John Ostrander: Two Good To Read
For this week’s column I’m going to talk about two books that I’ve read recently, both of which I enjoyed although they are vastly dissimilar. The books are The Minor Adjustment Beauty Salon by Alexander McCall Smith (published by Pantheon) and Steelheart by Brandon Sanderson (published by Delacorte Press). Both of them are series books: the former is the fourteenth and latest in the No. 1 Ladies’ Detective Agency series and the latter is the first in a planned Reckoners series.
The No. 1 Ladies’ Detective Agency series takes place in Botswana, which is in southern Africa, and the series follows the agency’s founder, Mma Precious Ramotswe and her friends, family, and co-workers as she solves small mysteries. Nothing is huge in these novels – the main mystery of the new book is about someone who is slandering the owner of the beauty salon in the title – but its very warm. The biggest mystery in the series, to me, is how the author, Alexander McCall Smith, captures the characters, all African, and the setting so wonderfully. McCall, Smith is a white Scot, now living in his homeland, was born in Rhodesia but he also lived in Botswana, helping to create and teach at the University of Botswana, and evidently knows and loves the land and its people.
The books in The No. 1 Ladies’ Detective Agency series exemplify the pleasures of good serial fiction. The characters become familiar, as does the setting, and we come to both as old friends. Its not that the series is unchanging but often the changes are small, as befitting the tone of the books. Still, in this one, momentous events occur but they may only seem that way if you’ve read the entire series. If you’ve just come into the series and this is your first encounter with Precious and her friends, I don’t know if the events would mean as much.
In any books in a series, you have better ones and lesser ones. This year’s visit is one of the better ones.
Steelheart couldn’t be more different. Part science fiction, part super-hero exploit, it takes place slightly in the future. There’s been an event that gives certain people extrahuman abilities but the catch is it also appears to make them crazy and unleashes the darker side of their personalities. They’re supervillains and there’s no one around to stop them, especially the title character, Steelheart. However, he – like all other “Epics” (as the superhumans are termed) – has a weakness and, if you can find it, you can maybe kill them.

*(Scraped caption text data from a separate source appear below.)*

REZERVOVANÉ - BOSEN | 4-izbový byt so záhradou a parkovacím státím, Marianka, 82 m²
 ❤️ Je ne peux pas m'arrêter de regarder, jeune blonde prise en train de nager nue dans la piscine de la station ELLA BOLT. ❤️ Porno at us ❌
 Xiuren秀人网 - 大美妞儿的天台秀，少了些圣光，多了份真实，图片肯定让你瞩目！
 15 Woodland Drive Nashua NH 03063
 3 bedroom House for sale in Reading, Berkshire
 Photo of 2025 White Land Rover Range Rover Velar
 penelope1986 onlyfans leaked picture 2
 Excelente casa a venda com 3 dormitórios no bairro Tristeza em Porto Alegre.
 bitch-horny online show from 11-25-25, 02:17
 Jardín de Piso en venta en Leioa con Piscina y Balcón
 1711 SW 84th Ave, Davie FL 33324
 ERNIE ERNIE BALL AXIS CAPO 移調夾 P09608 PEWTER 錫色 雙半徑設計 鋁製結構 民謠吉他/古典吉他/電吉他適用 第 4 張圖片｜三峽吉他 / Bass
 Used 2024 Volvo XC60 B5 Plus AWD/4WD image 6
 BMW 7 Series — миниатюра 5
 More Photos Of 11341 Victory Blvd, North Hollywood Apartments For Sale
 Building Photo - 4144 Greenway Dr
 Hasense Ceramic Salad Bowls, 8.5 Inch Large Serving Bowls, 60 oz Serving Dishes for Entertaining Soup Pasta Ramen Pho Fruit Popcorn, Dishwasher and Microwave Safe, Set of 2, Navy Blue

The novel isn’t really Steelheart’s story – it belongs to David, a young man who, years before, saw Steelheart kill David’s father. David has devoted his life to finding out the weaknesses of Epics, especially Steelheart, so they can be killed and the stranglehold they have on normal human society can be broken. To this end, he seeks out and falls in with a shadowy group called Reckoners who are normal humans also looking to kill Epics. David makes a case for going after Steelheart and that’s the bulk of the novel.
The book reads like an epic comic book but also asks some interesting questions along the way. Steelheart has created Newcago out of what was Chicago and rules like a ruthless tyrant but there is also some kind of order. Electricity works (some times) and there is some sense or society working, unlike other places. Remove Steelheart and will that still be true? Will the ordinary people thanks the Reckoners for their “freedom”?
The book is well written, the pace is fast, and the characters are interesting. I guessed one or two of the twists (that goes with the territory; as a writer myself, I can sometimes see the tricks in another writer’s hand) but I didn’t get all of them and did not guess the climax. It’s a fun read and there’s more on the way. I wouldn’t be surprised to see this one become a movie.
Both books are currently in hardback but are almost certain to go into paperback some time next year. Both are worth reading.